Exercise objective: Every line from the one with "tende organza con disegni floreali" through the last line below should be repeated exactly; pictures stay out of the copy.

(Captioned web images)
........

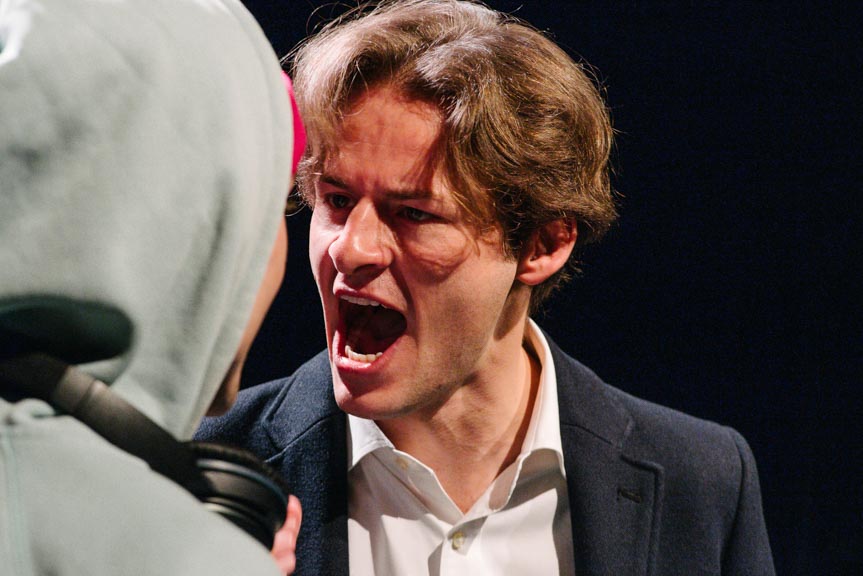 Devenir comédien à l'école de théâtre Le Foyer.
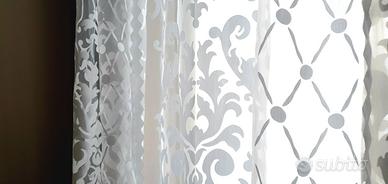 tende organza con disegni floreali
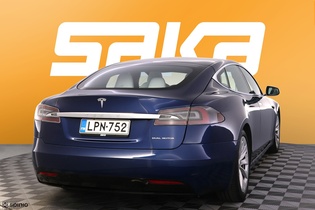 Tesla Model S vaihtoauto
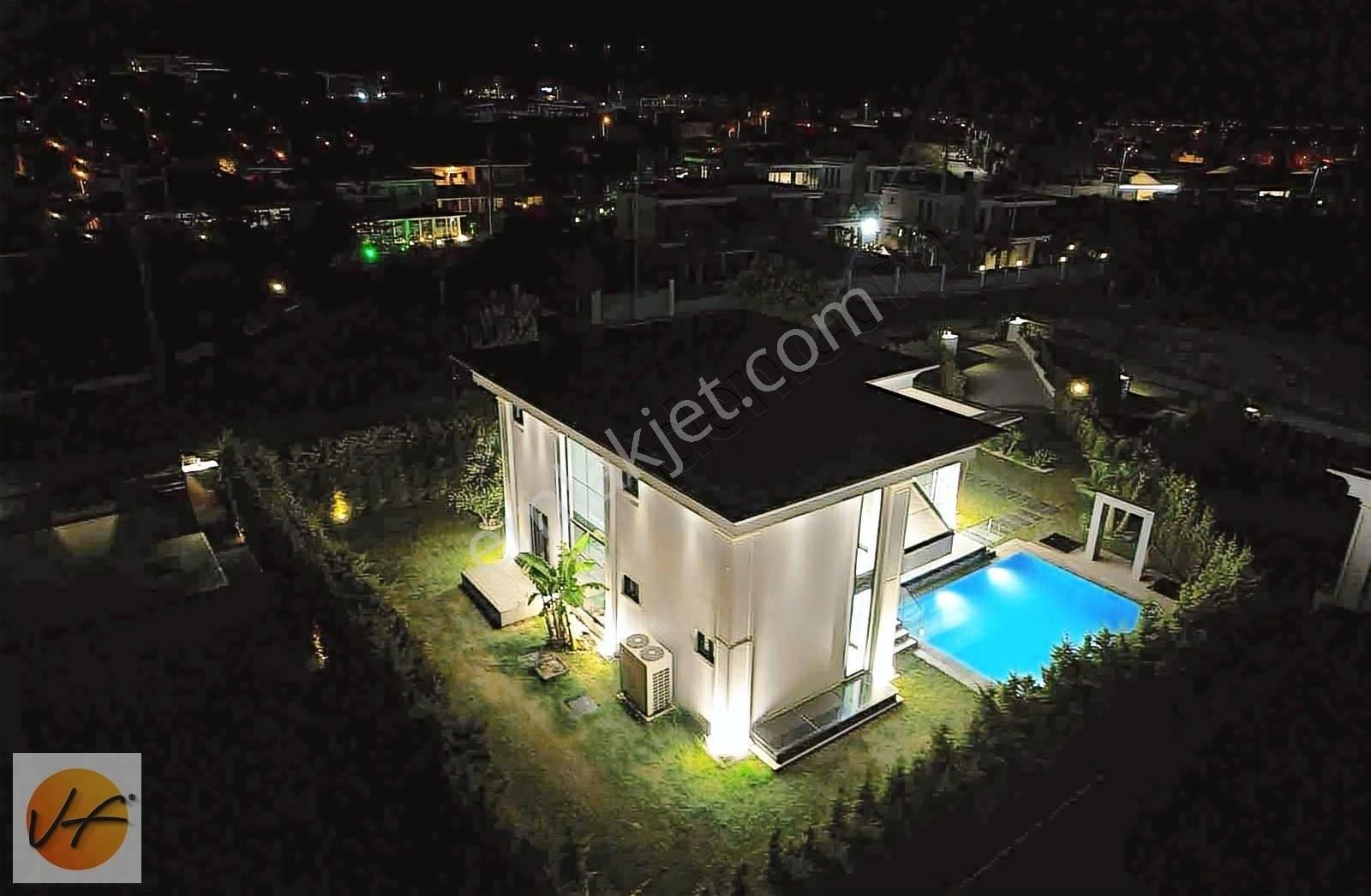 Çeşme Dalyan Eşsiz Manzaralı Müstakil Havuzlu 8+1 Satılık Villa - Görsel 20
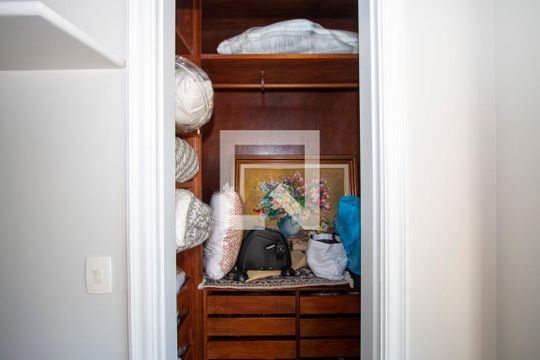 Closet da Suíte 2 de apartamento à venda com 4 quartos, 210m² em Vila Madalena, São Paulo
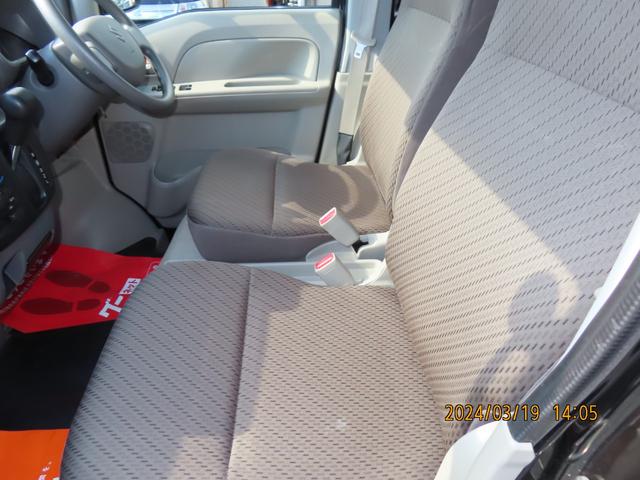 エブリイ ＰＣリミテッド　４ＷＤ　両側スライドドア　キーレスエント　禁煙車　ワンオーナー　記録簿　フルフラット（13枚目）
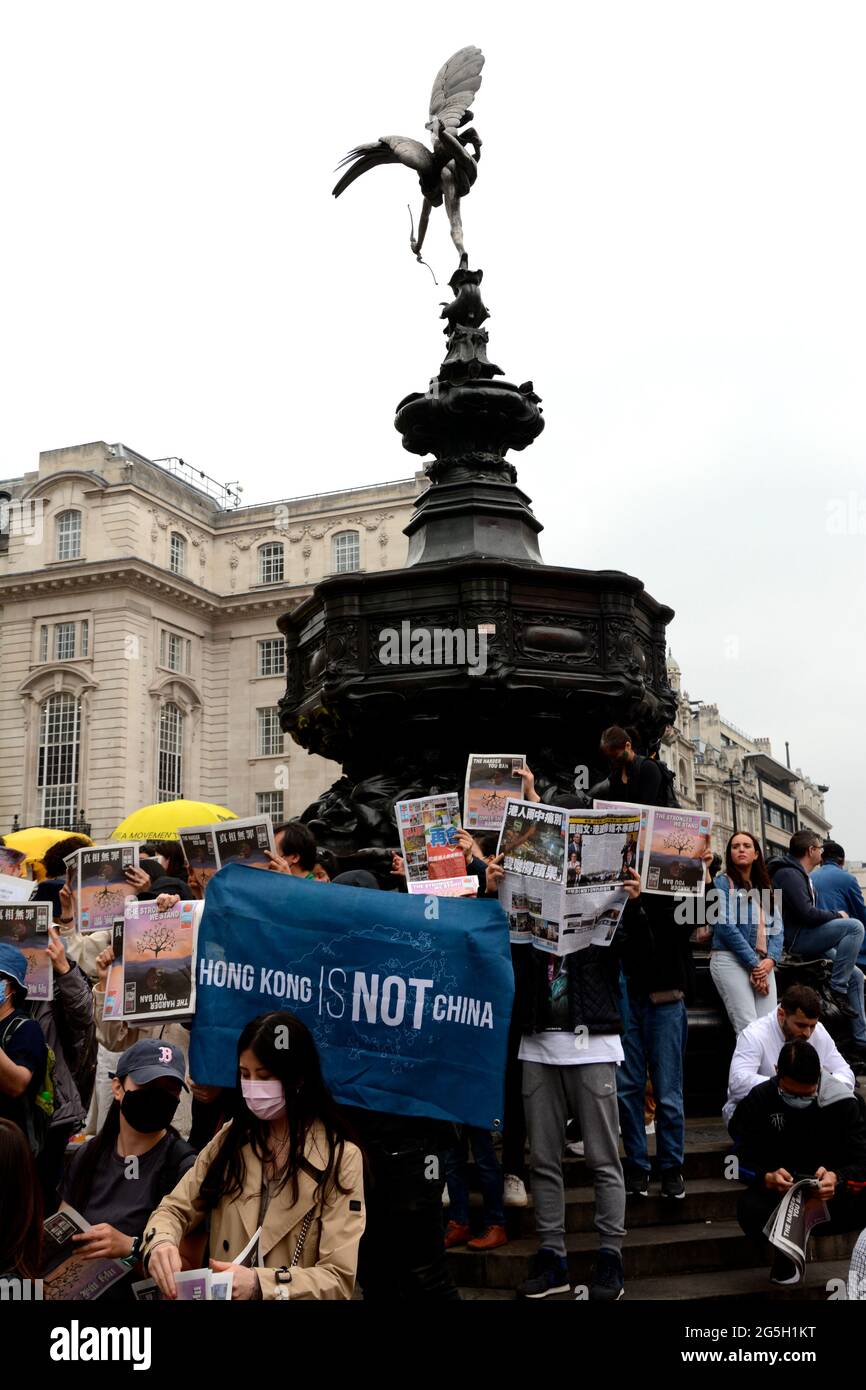 Demonstranten trauerten am 27. Juni 2021 im Piccadilly Circus um das Ende der Medienfreiheit mit der Schließung der Zeitung Apple Daily in Hongkong. Stockfoto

........

Answer to this task:
 tende organza con disegni floreali
 Tesla Model S vaihtoauto
 Çeşme Dalyan Eşsiz Manzaralı Müstakil Havuzlu 8+1 Satılık Villa - Görsel 20
 Closet da Suíte 2 de apartamento à venda com 4 quartos, 210m² em Vila Madalena, São Paulo
 エブリイ ＰＣリミテッド　４ＷＤ　両側スライドドア　キーレスエント　禁煙車　ワンオーナー　記録簿　フルフラット（13枚目）
 Demonstranten trauerten am 27. Juni 2021 im Piccadilly Circus um das Ende der Medienfreiheit mit der Schließung der Zeitung Apple Daily in Hongkong. Stockfoto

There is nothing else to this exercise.